- [TASK STATEMENT]:
Every record here must be set down once more, precisely as it reads.

(Caption-style text data)
[Start of section]

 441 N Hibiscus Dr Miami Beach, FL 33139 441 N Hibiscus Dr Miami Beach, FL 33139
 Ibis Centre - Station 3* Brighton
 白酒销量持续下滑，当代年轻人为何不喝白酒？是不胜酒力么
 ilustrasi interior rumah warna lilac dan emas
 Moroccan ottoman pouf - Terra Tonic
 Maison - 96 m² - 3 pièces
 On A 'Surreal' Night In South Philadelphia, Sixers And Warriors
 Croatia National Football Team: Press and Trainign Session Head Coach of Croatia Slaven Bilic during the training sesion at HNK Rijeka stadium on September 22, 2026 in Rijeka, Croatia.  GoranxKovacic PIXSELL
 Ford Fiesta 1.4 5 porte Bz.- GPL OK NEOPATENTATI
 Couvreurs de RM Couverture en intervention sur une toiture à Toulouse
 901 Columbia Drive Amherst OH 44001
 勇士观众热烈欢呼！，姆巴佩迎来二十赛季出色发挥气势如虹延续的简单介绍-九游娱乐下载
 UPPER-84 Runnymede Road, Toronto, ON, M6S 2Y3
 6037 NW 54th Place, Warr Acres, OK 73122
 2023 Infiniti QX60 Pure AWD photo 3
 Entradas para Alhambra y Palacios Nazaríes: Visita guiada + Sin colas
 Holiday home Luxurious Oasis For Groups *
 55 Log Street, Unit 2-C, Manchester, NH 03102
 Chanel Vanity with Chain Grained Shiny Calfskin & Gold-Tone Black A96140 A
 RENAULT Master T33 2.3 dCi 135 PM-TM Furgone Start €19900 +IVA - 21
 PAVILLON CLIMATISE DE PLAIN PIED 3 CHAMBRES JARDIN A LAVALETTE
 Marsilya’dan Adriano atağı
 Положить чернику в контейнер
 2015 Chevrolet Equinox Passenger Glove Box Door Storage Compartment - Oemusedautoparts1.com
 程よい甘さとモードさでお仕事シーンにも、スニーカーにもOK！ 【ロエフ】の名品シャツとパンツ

[End of section]

- [ANSWER SECTION]:
 441 N Hibiscus Dr Miami Beach, FL 33139 441 N Hibiscus Dr Miami Beach, FL 33139
 Ibis Centre - Station 3* Brighton
 白酒销量持续下滑，当代年轻人为何不喝白酒？是不胜酒力么
 ilustrasi interior rumah warna lilac dan emas
 Moroccan ottoman pouf - Terra Tonic
 Maison - 96 m² - 3 pièces
 On A 'Surreal' Night In South Philadelphia, Sixers And Warriors
 Croatia National Football Team: Press and Trainign Session Head Coach of Croatia Slaven Bilic during the training sesion at HNK Rijeka stadium on September 22, 2026 in Rijeka, Croatia.  GoranxKovacic PIXSELL
 Ford Fiesta 1.4 5 porte Bz.- GPL OK NEOPATENTATI
 Couvreurs de RM Couverture en intervention sur une toiture à Toulouse
 901 Columbia Drive Amherst OH 44001
 勇士观众热烈欢呼！，姆巴佩迎来二十赛季出色发挥气势如虹延续的简单介绍-九游娱乐下载
 UPPER-84 Runnymede Road, Toronto, ON, M6S 2Y3
 6037 NW 54th Place, Warr Acres, OK 73122
 2023 Infiniti QX60 Pure AWD photo 3
 Entradas para Alhambra y Palacios Nazaríes: Visita guiada + Sin colas
 Holiday home Luxurious Oasis For Groups *
 55 Log Street, Unit 2-C, Manchester, NH 03102
 Chanel Vanity with Chain Grained Shiny Calfskin & Gold-Tone Black A96140 A
 RENAULT Master T33 2.3 dCi 135 PM-TM Furgone Start €19900 +IVA - 21
 PAVILLON CLIMATISE DE PLAIN PIED 3 CHAMBRES JARDIN A LAVALETTE
 Marsilya’dan Adriano atağı
 Положить чернику в контейнер
 2015 Chevrolet Equinox Passenger Glove Box Door Storage Compartment - Oemusedautoparts1.com
 程よい甘さとモードさでお仕事シーンにも、スニーカーにもOK！ 【ロエフ】の名品シャツとパンツ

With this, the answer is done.